Le grandi corporation Hi-Tech, che lo si voglia o no, hanno enormi responsabilità non solo riguardo la costruzione del tipo di mondo in cui viviamo oggi. Ma ne possiedono paradossalmente ancor di più nei confronti del mondo che verrà domani. Responsabilità che tali aziende cercano di ignorare, eludere ed evadere in ogni modo. Finora non sono serviti a granché regole e comitati etici vari, nonché proclami e dichiarazioni di intenti sempre più generiche. Google non fa eccezione.

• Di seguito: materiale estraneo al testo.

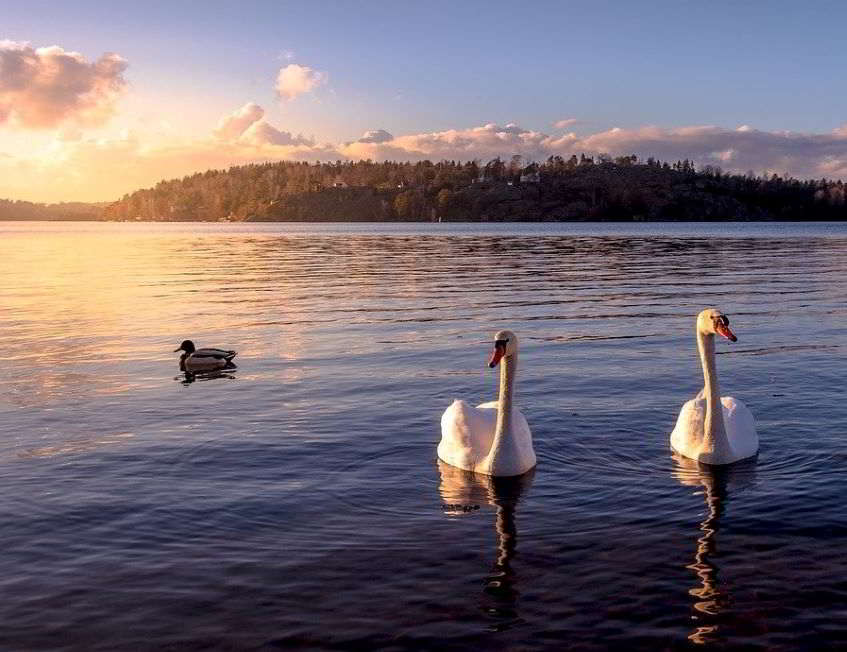 Jet privato Svezia: bellezze della città di Stoccolma.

Come rileva Peter Thiel: «Impegnati a migliorare in modo significativo la vita di quante più persone possibile” – [rappresenta] uno standard talmente vago da sottrarsi a qualsivoglia contestazione». 

Il lancio del primo Quantum computer 

Il 23 settembre 2019, Google ha dichiarato di aver costruito il primo computer quantistico in grado di eseguire calcoli che superano la capacità di elaborazione dei super computer più potenti di oggi. Si è trattato di un momento molto atteso dalla comunità di ricercatori e tecnologi. 

Lo staff del “Financial Times” riferisce di aver letto un articolo di alcuni ricercatori di Google, pubblicato sul sito web della Nasa. L’articolo è stato prontamente rimosso. 

I ricercatori di Google affermavano che il loro processore quantico era in grado di eseguire un calcolo in 3 minuti e 20 secondi, quando Summit, il super computer più avanzato e potente di oggi, impiegherebbe circa 10.000 anni a fare la stessa operazione. 

Sempre secondo i ricercatori di Google si è raggiunta la “supremazia quantistica”: «Si tratta di un’incredibile accelerazione rispetto agli algoritmi classici. A nostra conoscenza, questo esperimento segna il primo calcolo eseguito da un processore quantico». 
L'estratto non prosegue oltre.